### Exercise instructions:
Entries below include pictures. Output exactly the lines from the one with "115 Cabrini Blvd" down to the one with "Può includere: Due", both ends included, and leave the pictures out.

### Provided data:
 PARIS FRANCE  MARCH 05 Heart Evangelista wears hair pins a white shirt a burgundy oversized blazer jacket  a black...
---
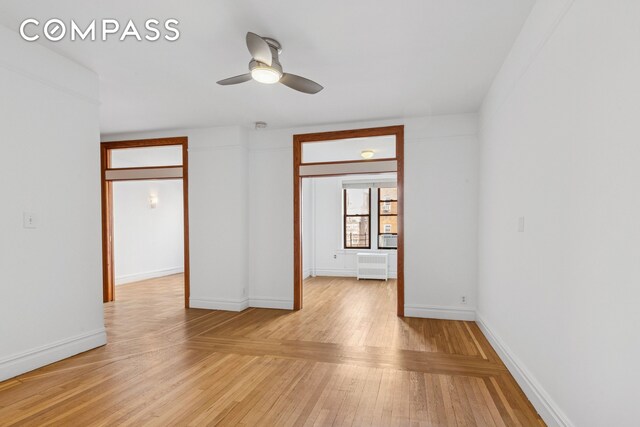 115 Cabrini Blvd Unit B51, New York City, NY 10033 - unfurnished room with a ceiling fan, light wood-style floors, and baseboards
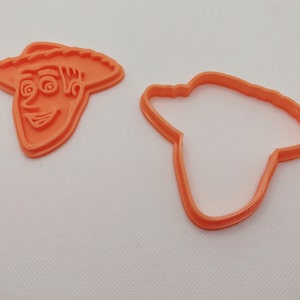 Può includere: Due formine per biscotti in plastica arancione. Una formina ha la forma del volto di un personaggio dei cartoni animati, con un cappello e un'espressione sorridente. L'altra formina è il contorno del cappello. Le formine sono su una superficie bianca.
---
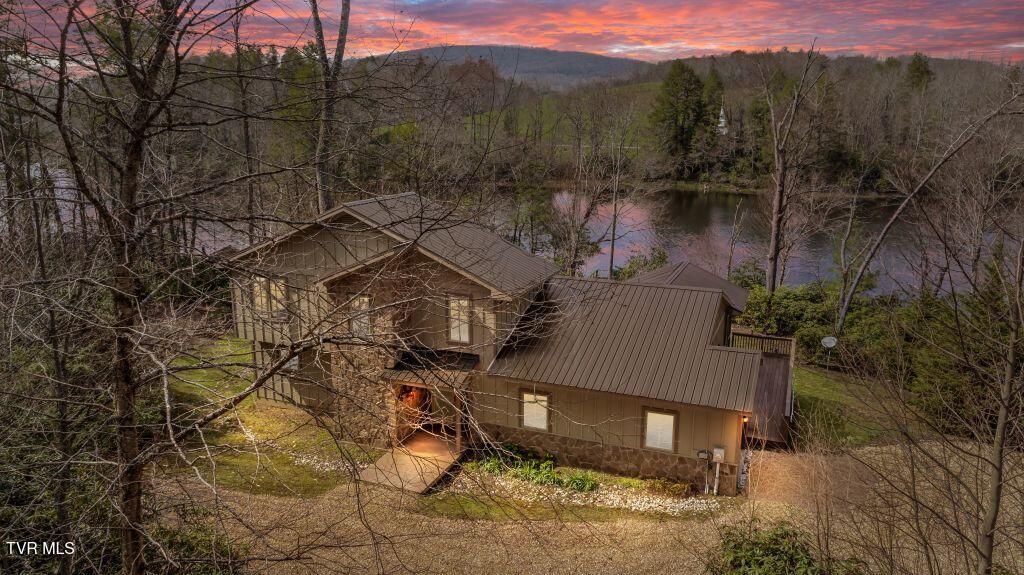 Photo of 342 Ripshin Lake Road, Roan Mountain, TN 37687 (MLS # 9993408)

### Response for this exercise:
 115 Cabrini Blvd Unit B51, New York City, NY 10033 - unfurnished room with a ceiling fan, light wood-style floors, and baseboards
 Può includere: Due formine per biscotti in plastica arancione. Una formina ha la forma del volto di un personaggio dei cartoni animati, con un cappello e un'espressione sorridente. L'altra formina è il contorno del cappello. Le formine sono su una superficie bianca.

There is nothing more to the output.